POR JOSÉ GREGORIO HERNÁNDEZ GALINDO
Foto: elementosdejuicio.com.co
Los recientes acontecimientos públicamente conocidos -nos referimos a la masacre perpetrada por una banda criminal en Santa Rosa de Osos, en donde fueron cobardemente asesinados diez labriegos; los homicidios en serie cometidos contra varios jóvenes “raperos” en una de las comunas de Medellín; el homicidio cometido en la persona de un hombre y el posterior linchamiento de sus cuatro asesinos por parte de la comunidad, también en Antioquia; el asesinato de tres indigentes en Bogotá, para mencionar tan solo algunos de los que colman los espacios noticiosos momentáneamente y muy pronto desaparecen para ser sustituidos por otros de similar o superior gravedad- dejan en los colombianos, además del natural pánico entre los habitantes de las zonas afectadas, muchas preocupaciones.
En primer lugar, no dejamos de sorprendernos cada día por la creciente espiral de la delincuencia -la organizada y la desorganizada-, en una sociedad que parece haber perdido por completo los valores fundamentales y en cuyo seno está ausente desde hace tiempo el más mínimo respeto por la vida humana y han desaparecido las reglas mínimas de convivencia y todo fundamento ético de los comportamientos.
Los hechos que al comienzo menciono son apenas los más relevantes de los últimos ocho días, es decir los que han merecido ser destacados por los medios de comunicación, pero no son los únicos. Alrededor y en forma simultánea siguen las riñas callejeras, con saldo de varios muertos; las violaciones de menores; los asaltos a mano armada; los ataques guerrilleros a municipios y carreteras, sin consideración alguna por la población civil; los secuestros y las extorsiones.
Hay un ambiente generalizado de violencia, de intolerancia, de salvajismo, de tendencia al delito, inclusive desde las aulas escolares. Niños y jóvenes son reclutados, manipulados y utilizados por las organizaciones criminales , y convertidos en asesinos y terroristas a muy corta edad. Madres desalmadas matan o abandonan a sus niños recién nacidos. A todo lo cual se agrega una corrupción generalizada, tanto en el sector público como en el privado, porque hay quienes no matan pero asaltan el patrimonio público o despojan a las personas de sus bienes mediante maniobras inconfesables.
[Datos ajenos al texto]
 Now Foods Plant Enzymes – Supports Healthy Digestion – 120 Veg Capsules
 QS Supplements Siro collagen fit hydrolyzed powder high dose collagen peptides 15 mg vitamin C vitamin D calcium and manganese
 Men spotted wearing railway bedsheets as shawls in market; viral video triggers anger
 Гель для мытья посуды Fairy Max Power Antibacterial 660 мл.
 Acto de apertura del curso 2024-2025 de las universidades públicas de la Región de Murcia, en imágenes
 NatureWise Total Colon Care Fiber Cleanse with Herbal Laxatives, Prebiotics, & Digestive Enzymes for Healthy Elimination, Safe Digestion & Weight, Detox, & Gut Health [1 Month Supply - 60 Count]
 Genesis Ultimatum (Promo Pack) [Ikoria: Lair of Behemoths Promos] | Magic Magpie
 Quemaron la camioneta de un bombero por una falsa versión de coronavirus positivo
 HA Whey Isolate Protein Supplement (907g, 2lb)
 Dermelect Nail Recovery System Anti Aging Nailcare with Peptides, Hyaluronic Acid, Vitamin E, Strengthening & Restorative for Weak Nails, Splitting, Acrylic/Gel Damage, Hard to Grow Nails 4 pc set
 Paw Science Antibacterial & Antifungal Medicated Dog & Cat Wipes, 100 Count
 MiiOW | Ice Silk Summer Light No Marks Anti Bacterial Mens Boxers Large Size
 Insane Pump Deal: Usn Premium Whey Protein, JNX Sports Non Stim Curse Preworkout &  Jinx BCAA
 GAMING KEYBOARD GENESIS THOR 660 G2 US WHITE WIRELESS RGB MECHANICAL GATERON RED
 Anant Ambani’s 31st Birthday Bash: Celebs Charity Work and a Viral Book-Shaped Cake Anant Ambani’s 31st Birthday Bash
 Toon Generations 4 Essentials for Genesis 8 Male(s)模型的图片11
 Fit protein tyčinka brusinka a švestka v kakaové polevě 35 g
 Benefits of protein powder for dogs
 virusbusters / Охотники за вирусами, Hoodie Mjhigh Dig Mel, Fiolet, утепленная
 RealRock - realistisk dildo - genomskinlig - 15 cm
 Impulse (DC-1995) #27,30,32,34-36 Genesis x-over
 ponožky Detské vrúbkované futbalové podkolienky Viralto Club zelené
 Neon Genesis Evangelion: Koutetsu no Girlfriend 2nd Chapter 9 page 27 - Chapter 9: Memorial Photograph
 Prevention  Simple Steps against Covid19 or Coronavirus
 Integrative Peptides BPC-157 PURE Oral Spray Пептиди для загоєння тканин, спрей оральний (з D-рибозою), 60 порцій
Algo muy grave pasa entre nosotros, y aunque nos damos cuenta, a cada uno le basta con no ser tocado, aunque todos sabemos que la amenaza es general: se proyecta sobre todos. La sociedad colombiana se encuentra enferma, en condiciones muy graves. No se vislumbra un panorama despejado para las nuevas generaciones. Y debemos preguntarnos –estamos obligados a hacerlo-: ¿cuál es el origen del actual estado de cosas? ¿En qué radica el mal? ¿Cuáles son las causas de la descomposición existente?
Urge, como punto de partida, un alto en el camino. Se impone la necesidad de una reflexión colectiva acerca de nuestra realidad. El Estado, las religiones, los educadores, los dirigentes políticos, los gremios y los medios de comunicación deberíamos liderar un proceso que nos permitiera tomar conciencia de estos graves problemas en toda su dimensión; establecer las causas principales; y planificar hacia el futuro, como una política de largo plazo, a partir de la formación de los niños desde su más tierna infancia, un gran programa de recuperación de los valores, los principios y las reglas de convivencia.
Quienes ejercemos algún influjo en la comunidad tenemos la obligación apremiante de ofrecer cuanto podamos dar, con miras a derrotar la cultura de la muerte, de la intolerancia, de la corrupción, de la inversión de valores, de la trampa y de los comportamientos antisociales en sus distintas manifestaciones.
En esto, la apelación al Derecho, a la Educación y a la Ética es impostergable.